Si a cualquiera de quienes llevamos algo de tiempo paseando nuestra toga por los juzgados y tribunales de nuestro país nos nombran el artículo 324 de la Ley de Enjuiciamiento Criminal, a buen seguro que un escalofrío nos sacude por dentro. Puede que mucha gente no lo recuerde, pero quienes nos dedicamos al Derecho Penal recordamos perfectamente la reforma de este precepto en 2015 que limitaba el plazo de la instrucción a 6 meses. Esto es, que desde que un asunto entraba en un juzgado hasta que quedaba listo para juicio no podían pasar más de 6 meses. Una verdadera bomba con temporizador que anticipaba la impunidad de muchos delitos cuya investigación era compleja, máxime teniendo en cuenta la carencia de medios que es ya un cásico en nuestra administración de justicia.

Nuestros temores no tardaron en hacerse realidad, y varios casos de corrupción acabaron en nada por causa de este precepto. Ni que decir tiene que, desde el mismo día de su entrada en vigor, juristas de todos los pelajes insistimos en que se derogara semejante límite, y finalmente se consiguió. En 2020 se reformó el precepto y, aunque no se eliminó el límite de la instrucción, se amplió al doble de tiempo, 1 año, y se relajaron bastante las cosas. Por fortuna.

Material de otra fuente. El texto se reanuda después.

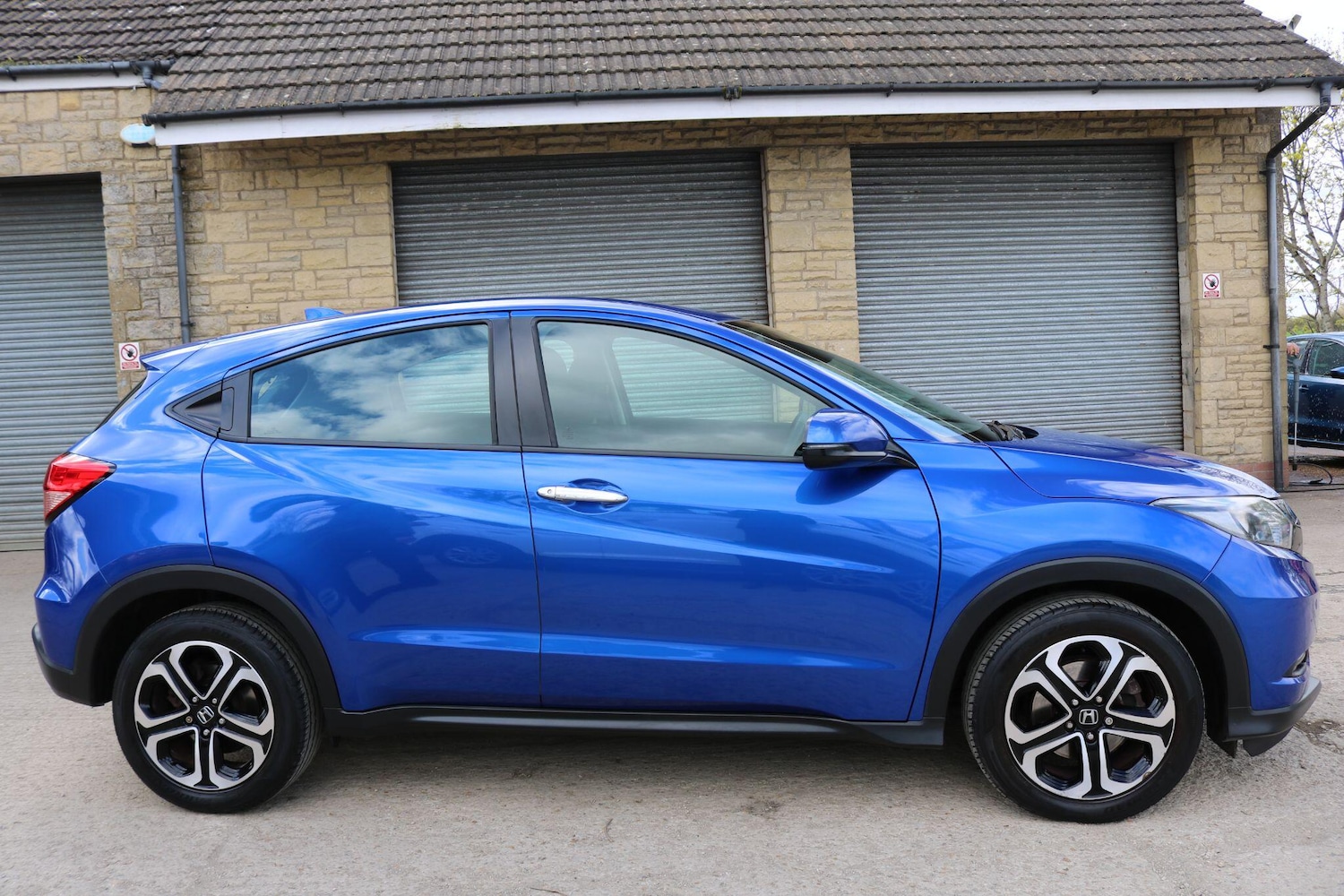 Used Honda HR-V 2017 for sale - 78115634: Photo 4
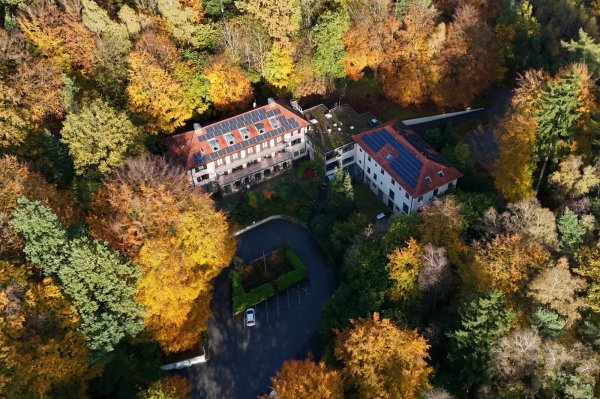 Beste Lage. Die Villa Welschen liegt am Südhang des Tönsbergs - nur einen Steinwurf entfernt vom Hermannsweg. - © Copyright Grzegorz Litynski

¿Y por qué cuento todo este rollo jurídico histórico? Pues porque, según parece, es una de las posibles reformas que se perfilan en el horizonte de acuerdos y desacuerdos que es nuestra política actual. Y, solo con imaginarlo, se me ponen a temblar hasta las puntillas de la toga. Volver atrás sería un error terrible. Y conste que hablo en términos estrictamente jurídicos, más allá de conveniencias o connotaciones políticas.

Por supuesto, las instrucciones judiciales nunca deberían eternizarse, y son absolutamente impresentables esos casos que son juzgados muchos años después de los hechos. Pero también es cierto que la justicia adolece desde siempre de una falta de medios personales y materiales que sonrojaría al más pintado. Y ahí es donde está la solución a esa lentitud, y no en fijar plazos imposibles de cumplir. Porque, afirmar que este es el modo de arreglar las cosas, sería tanto como reconocer que hasta ese momento no nos dábamos más prisa porque no queríamos. Y nada más lejos de la realidad. No hay más que echar un vistazo a las estadísticas de productividad, que reflejan una carga de trabajo que supera en más del doble la carga reconocida como recomendable.

Así que, señores políticos, pacten lo que quieran, pero déjennos trabajar. Que bastante tenemos con lo que tenemos

SUSANA GISBERT
Fiscal y escritora (@gisb_sus)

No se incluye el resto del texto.